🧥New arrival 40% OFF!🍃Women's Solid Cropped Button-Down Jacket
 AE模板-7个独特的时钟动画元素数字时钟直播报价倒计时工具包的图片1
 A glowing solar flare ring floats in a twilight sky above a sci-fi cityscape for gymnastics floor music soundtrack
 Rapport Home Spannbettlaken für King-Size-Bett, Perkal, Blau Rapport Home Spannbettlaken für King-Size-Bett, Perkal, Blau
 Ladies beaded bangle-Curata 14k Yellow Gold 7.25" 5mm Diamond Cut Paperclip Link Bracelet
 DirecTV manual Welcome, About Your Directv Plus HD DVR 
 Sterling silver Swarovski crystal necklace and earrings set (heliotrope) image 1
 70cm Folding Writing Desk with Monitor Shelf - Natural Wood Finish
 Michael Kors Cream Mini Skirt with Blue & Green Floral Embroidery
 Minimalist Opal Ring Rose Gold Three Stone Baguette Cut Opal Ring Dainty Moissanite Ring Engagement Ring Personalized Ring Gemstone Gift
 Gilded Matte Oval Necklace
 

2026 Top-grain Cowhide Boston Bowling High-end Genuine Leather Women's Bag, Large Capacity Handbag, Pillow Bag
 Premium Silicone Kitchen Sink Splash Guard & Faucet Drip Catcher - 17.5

==*==

_Exercise requirements_
Please give again, word for word, only the lines from the one holding "Minimalist Opal Ring" through the end of the listing above.

_Written response_
 Minimalist Opal Ring Rose Gold Three Stone Baguette Cut Opal Ring Dainty Moissanite Ring Engagement Ring Personalized Ring Gemstone Gift
 Gilded Matte Oval Necklace
 

2026 Top-grain Cowhide Boston Bowling High-end Genuine Leather Women's Bag, Large Capacity Handbag, Pillow Bag
 Premium Silicone Kitchen Sink Splash Guard & Faucet Drip Catcher - 17.5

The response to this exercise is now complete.